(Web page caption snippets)

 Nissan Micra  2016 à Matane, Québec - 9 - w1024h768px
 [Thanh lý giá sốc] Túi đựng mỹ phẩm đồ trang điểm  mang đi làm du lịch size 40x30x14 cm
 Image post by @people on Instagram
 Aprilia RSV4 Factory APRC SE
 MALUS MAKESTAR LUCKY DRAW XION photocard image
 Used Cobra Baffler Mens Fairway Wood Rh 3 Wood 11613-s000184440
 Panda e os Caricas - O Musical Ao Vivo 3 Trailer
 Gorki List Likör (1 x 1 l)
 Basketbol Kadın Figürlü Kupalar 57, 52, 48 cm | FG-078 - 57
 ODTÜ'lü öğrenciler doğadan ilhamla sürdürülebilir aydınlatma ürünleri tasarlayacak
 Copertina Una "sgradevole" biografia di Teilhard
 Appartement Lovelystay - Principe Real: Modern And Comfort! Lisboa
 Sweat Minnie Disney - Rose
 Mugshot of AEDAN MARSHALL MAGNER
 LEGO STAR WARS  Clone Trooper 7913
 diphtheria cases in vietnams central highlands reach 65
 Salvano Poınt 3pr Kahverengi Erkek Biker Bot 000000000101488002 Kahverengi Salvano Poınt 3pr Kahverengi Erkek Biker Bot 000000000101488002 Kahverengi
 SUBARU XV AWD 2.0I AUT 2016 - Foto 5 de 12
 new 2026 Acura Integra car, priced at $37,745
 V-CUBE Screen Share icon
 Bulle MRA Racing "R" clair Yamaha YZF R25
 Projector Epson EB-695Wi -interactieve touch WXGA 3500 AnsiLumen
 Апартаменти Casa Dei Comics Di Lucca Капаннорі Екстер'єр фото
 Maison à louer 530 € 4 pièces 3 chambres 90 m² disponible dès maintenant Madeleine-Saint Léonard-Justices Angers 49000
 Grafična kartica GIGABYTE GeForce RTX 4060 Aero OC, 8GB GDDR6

• [WHAT YOU WILL DO]:
The records are to be repeated in full, exactly as they stand.

• [ANSWER BOX]:
 Nissan Micra  2016 à Matane, Québec - 9 - w1024h768px
 [Thanh lý giá sốc] Túi đựng mỹ phẩm đồ trang điểm  mang đi làm du lịch size 40x30x14 cm
 Image post by @people on Instagram
 Aprilia RSV4 Factory APRC SE
 MALUS MAKESTAR LUCKY DRAW XION photocard image
 Used Cobra Baffler Mens Fairway Wood Rh 3 Wood 11613-s000184440
 Panda e os Caricas - O Musical Ao Vivo 3 Trailer
 Gorki List Likör (1 x 1 l)
 Basketbol Kadın Figürlü Kupalar 57, 52, 48 cm | FG-078 - 57
 ODTÜ'lü öğrenciler doğadan ilhamla sürdürülebilir aydınlatma ürünleri tasarlayacak
 Copertina Una "sgradevole" biografia di Teilhard
 Appartement Lovelystay - Principe Real: Modern And Comfort! Lisboa
 Sweat Minnie Disney - Rose
 Mugshot of AEDAN MARSHALL MAGNER
 LEGO STAR WARS  Clone Trooper 7913
 diphtheria cases in vietnams central highlands reach 65
 Salvano Poınt 3pr Kahverengi Erkek Biker Bot 000000000101488002 Kahverengi Salvano Poınt 3pr Kahverengi Erkek Biker Bot 000000000101488002 Kahverengi
 SUBARU XV AWD 2.0I AUT 2016 - Foto 5 de 12
 new 2026 Acura Integra car, priced at $37,745
 V-CUBE Screen Share icon
 Bulle MRA Racing "R" clair Yamaha YZF R25
 Projector Epson EB-695Wi -interactieve touch WXGA 3500 AnsiLumen
 Апартаменти Casa Dei Comics Di Lucca Капаннорі Екстер'єр фото
 Maison à louer 530 € 4 pièces 3 chambres 90 m² disponible dès maintenant Madeleine-Saint Léonard-Justices Angers 49000
 Grafična kartica GIGABYTE GeForce RTX 4060 Aero OC, 8GB GDDR6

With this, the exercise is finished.